Input:
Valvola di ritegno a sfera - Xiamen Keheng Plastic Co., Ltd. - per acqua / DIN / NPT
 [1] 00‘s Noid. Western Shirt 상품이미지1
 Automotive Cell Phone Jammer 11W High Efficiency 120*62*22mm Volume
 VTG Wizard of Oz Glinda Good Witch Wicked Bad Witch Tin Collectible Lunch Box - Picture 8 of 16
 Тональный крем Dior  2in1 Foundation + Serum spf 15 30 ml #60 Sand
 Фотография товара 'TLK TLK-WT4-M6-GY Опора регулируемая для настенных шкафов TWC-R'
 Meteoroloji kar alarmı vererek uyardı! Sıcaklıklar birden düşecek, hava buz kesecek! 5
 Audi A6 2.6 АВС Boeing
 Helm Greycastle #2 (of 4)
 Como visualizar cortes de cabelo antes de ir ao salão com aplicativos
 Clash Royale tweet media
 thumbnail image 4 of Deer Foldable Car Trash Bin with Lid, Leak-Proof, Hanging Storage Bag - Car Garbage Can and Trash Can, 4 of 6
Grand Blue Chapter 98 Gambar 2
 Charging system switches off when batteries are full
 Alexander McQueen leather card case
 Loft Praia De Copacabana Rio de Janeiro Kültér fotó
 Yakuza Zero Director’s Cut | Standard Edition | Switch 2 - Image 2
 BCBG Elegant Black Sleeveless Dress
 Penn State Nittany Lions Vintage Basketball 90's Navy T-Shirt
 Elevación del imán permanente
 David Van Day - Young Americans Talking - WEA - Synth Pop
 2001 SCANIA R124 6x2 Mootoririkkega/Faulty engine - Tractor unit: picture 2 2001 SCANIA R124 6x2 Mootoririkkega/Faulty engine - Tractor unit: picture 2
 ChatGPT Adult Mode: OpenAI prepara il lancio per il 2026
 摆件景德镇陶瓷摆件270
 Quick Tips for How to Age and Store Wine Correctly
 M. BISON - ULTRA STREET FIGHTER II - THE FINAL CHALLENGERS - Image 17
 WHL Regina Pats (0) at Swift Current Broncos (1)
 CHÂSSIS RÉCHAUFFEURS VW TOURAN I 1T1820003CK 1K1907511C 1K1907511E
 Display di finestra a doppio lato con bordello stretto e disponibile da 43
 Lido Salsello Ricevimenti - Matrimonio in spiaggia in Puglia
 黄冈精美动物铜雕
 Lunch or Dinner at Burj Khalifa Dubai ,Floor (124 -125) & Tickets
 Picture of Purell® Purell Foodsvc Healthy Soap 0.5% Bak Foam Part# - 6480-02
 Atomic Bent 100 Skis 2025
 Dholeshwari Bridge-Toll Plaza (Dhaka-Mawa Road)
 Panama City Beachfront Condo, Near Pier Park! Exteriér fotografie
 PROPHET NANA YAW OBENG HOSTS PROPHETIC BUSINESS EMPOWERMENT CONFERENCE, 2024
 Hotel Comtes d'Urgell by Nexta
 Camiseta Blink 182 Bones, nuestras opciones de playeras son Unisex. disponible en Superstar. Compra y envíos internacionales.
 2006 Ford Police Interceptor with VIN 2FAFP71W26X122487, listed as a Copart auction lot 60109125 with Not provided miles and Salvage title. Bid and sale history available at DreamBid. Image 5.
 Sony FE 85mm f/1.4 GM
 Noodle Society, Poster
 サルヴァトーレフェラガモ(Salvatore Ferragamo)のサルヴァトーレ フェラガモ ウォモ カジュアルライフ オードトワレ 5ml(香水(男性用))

Problem requirements: Where does the word "Shirt" appear in the material above? Copy every line that holds it.

Exercise answer:
 [1] 00‘s Noid. Western Shirt 상품이미지1
 Penn State Nittany Lions Vintage Basketball 90's Navy T-Shirt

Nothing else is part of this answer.